● **TASK DETAILS**
Skipping any pictures, repeat exactly and only the lines from the one that holds "Väska Hobo Beige" to the last line of the material, both included.

######

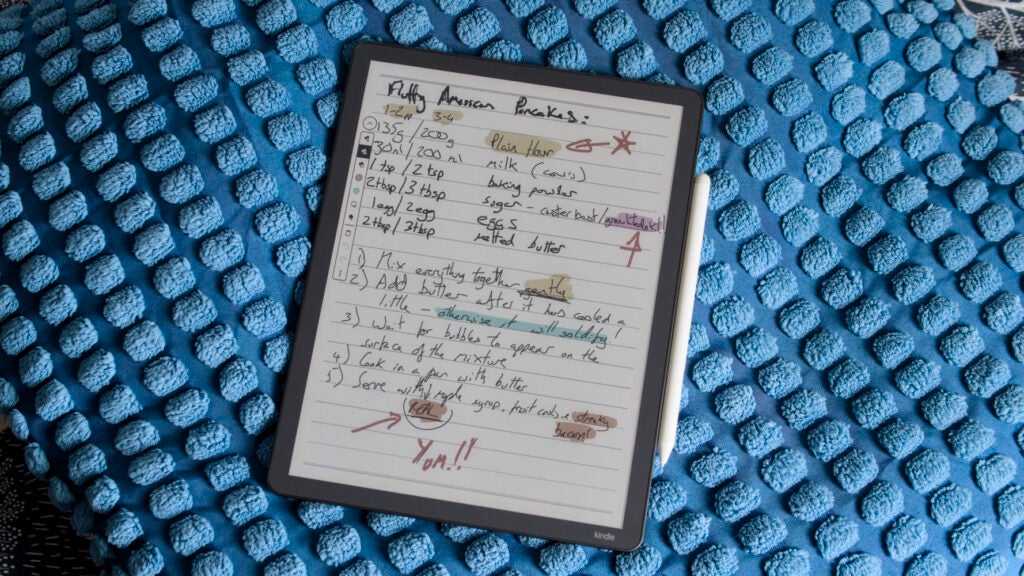 Kindle Scribe ColorSoft: Great Hardware Undone by Basic Note-Taking Software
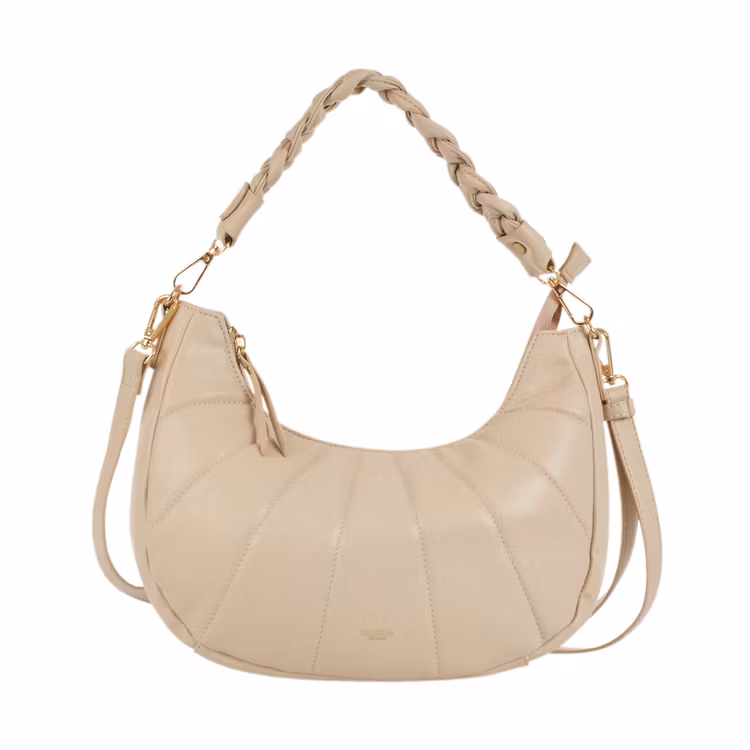 Väska Hobo Beige från Ulrika Design kollektion Fan 35 3270 framsida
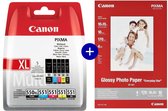 Canon PGI-550XL & CLI-551 - Cartouche d'encre - Incl. Papier photo Canon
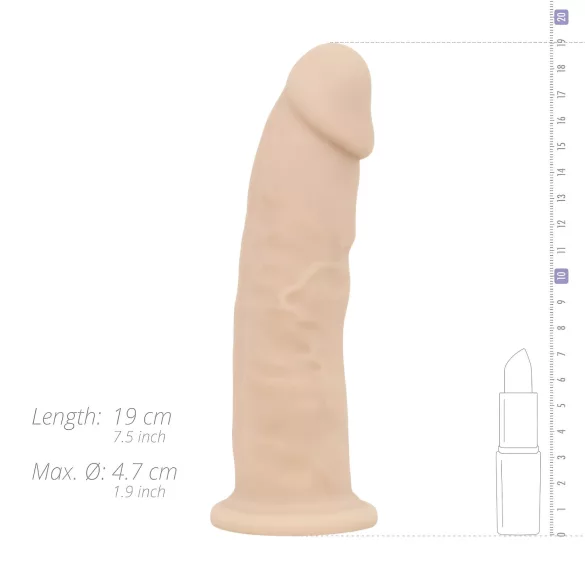 Real Fantasy Winston - tapadókorongos vibrátor - 19 cm (testszínű)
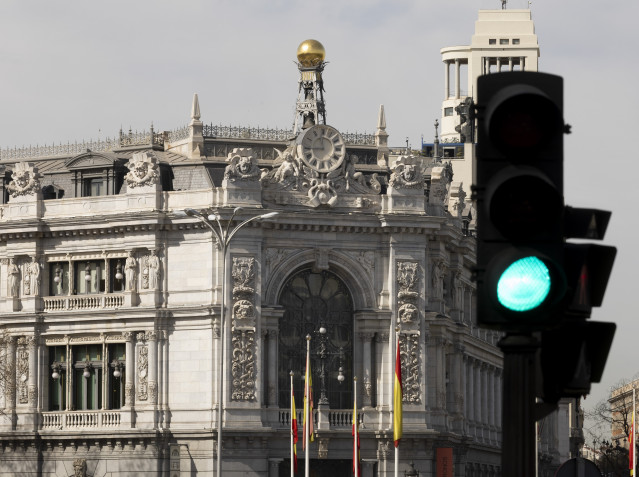 Archivo - Fachada del Banco de España.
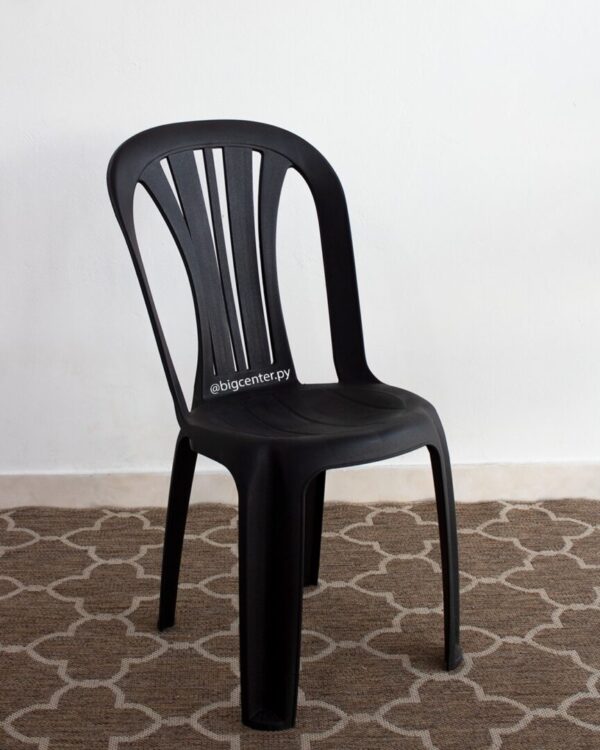 SILLA PLASTICO XP NEGRO S/BRAZO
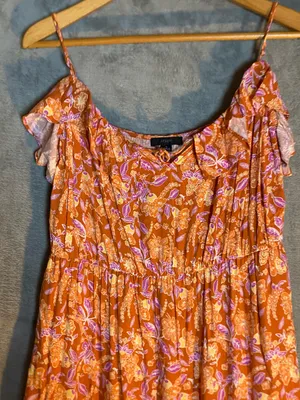J.Crew Tiered maxi dress in painted block print Large‎ milkmaid Resort Vacation thumbnail 7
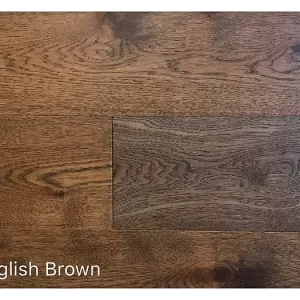 wire brushed 7 1/2" hickory collection english brown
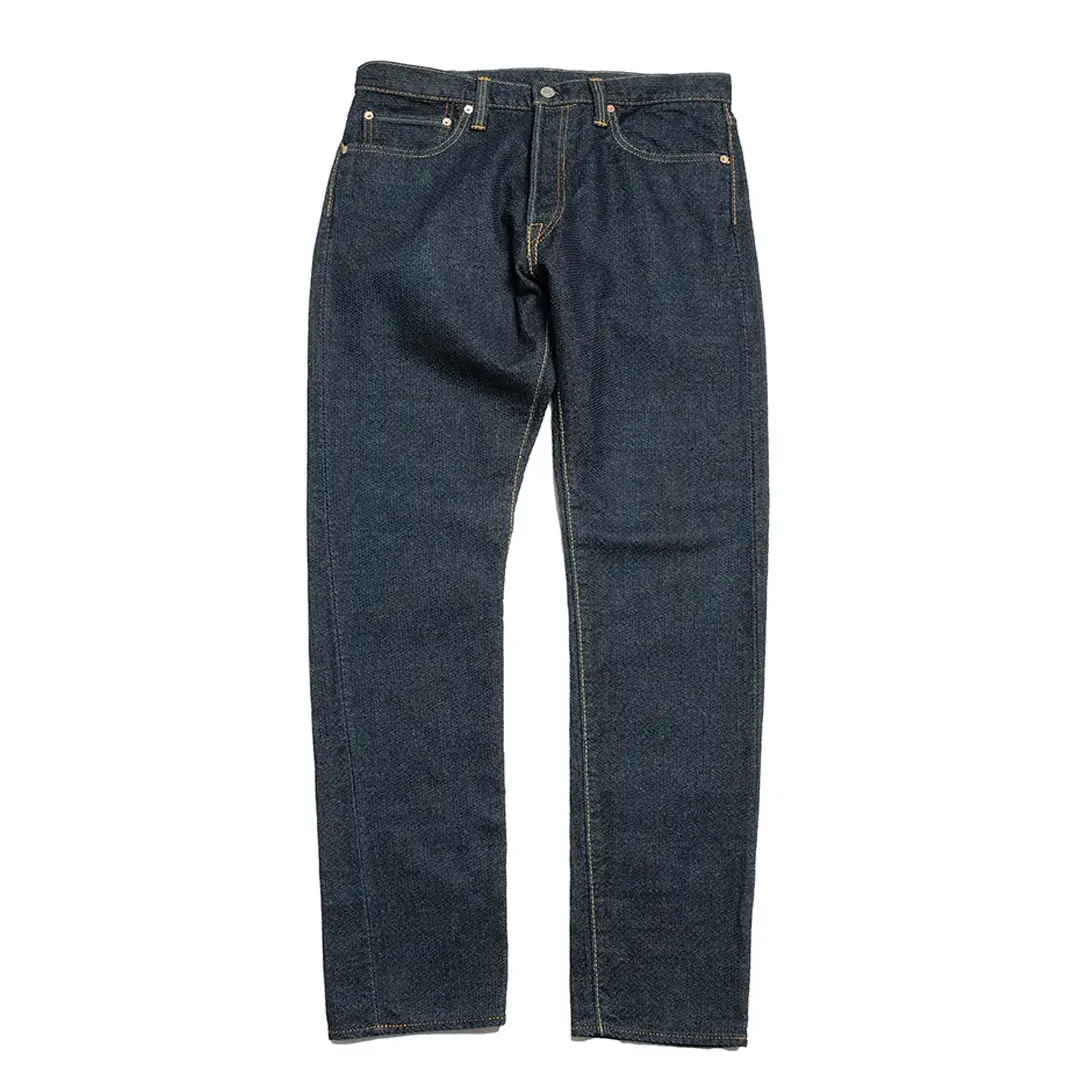 Pure Blue Japan - 12.5oz. SASHIKO RELAX TAPERED - 1170-2-ID Front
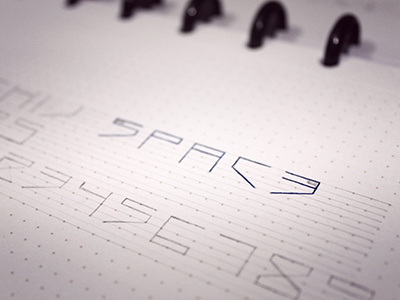 Constellate — In Progress Shot 00 font sketch space typeface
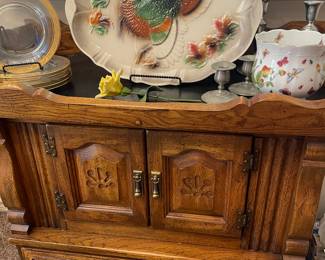 Vintage Dry Sink Cabinet with storage drawer 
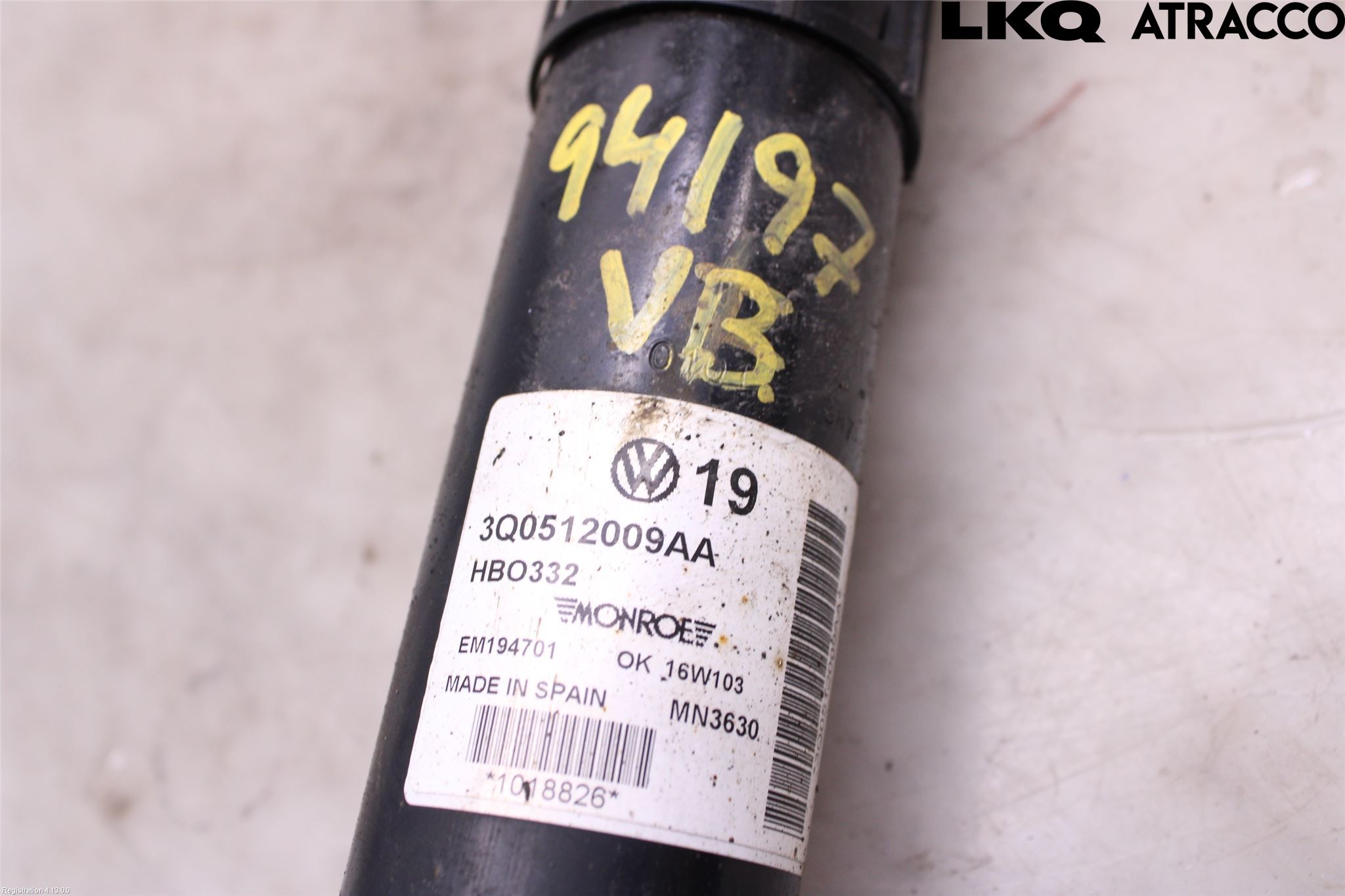 Volkswagen VW PASSAT 15-19 Støtdemper Bak
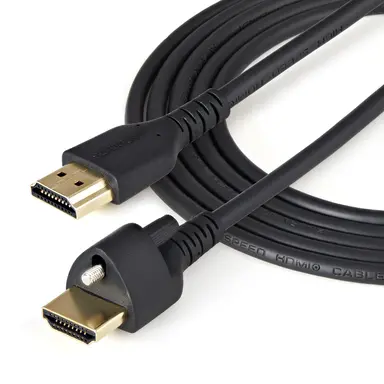 STARTECH.COM 1M/3FT HDMI Cable with Locking Screw 4K, image 6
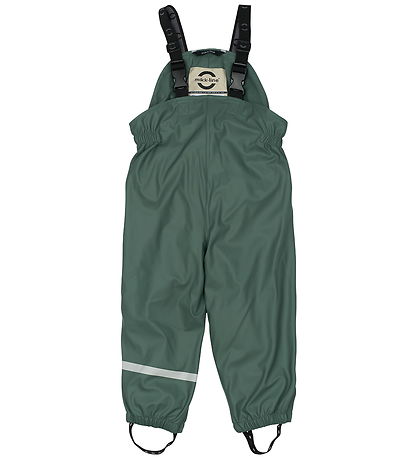 Mikk-Line Regntøj m. Fleece/Seler - PU - 3i1 - Balsam Green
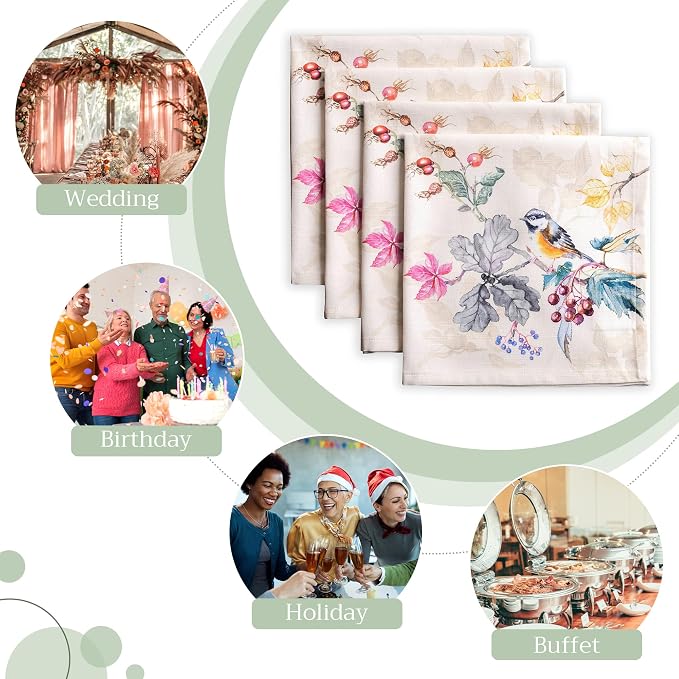 Maison d' Hermine Cloth Napkins Set of 4 100% Cotton - Image 6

######

● **TASK RESPONSE**
 Väska Hobo Beige från Ulrika Design kollektion Fan 35 3270 framsida
 Canon PGI-550XL & CLI-551 - Cartouche d'encre - Incl. Papier photo Canon
 Real Fantasy Winston - tapadókorongos vibrátor - 19 cm (testszínű)
 Archivo - Fachada del Banco de España.
 SILLA PLASTICO XP NEGRO S/BRAZO
J.Crew Tiered maxi dress in painted block print Large‎ milkmaid Resort Vacation thumbnail 7
 wire brushed 7 1/2" hickory collection english brown
 Pure Blue Japan - 12.5oz. SASHIKO RELAX TAPERED - 1170-2-ID Front
 Constellate — In Progress Shot 00 font sketch space typeface
 Vintage Dry Sink Cabinet with storage drawer 
 Volkswagen VW PASSAT 15-19 Støtdemper Bak
 STARTECH.COM 1M/3FT HDMI Cable with Locking Screw 4K, image 6
 Mikk-Line Regntøj m. Fleece/Seler - PU - 3i1 - Balsam Green
 Maison d' Hermine Cloth Napkins Set of 4 100% Cotton - Image 6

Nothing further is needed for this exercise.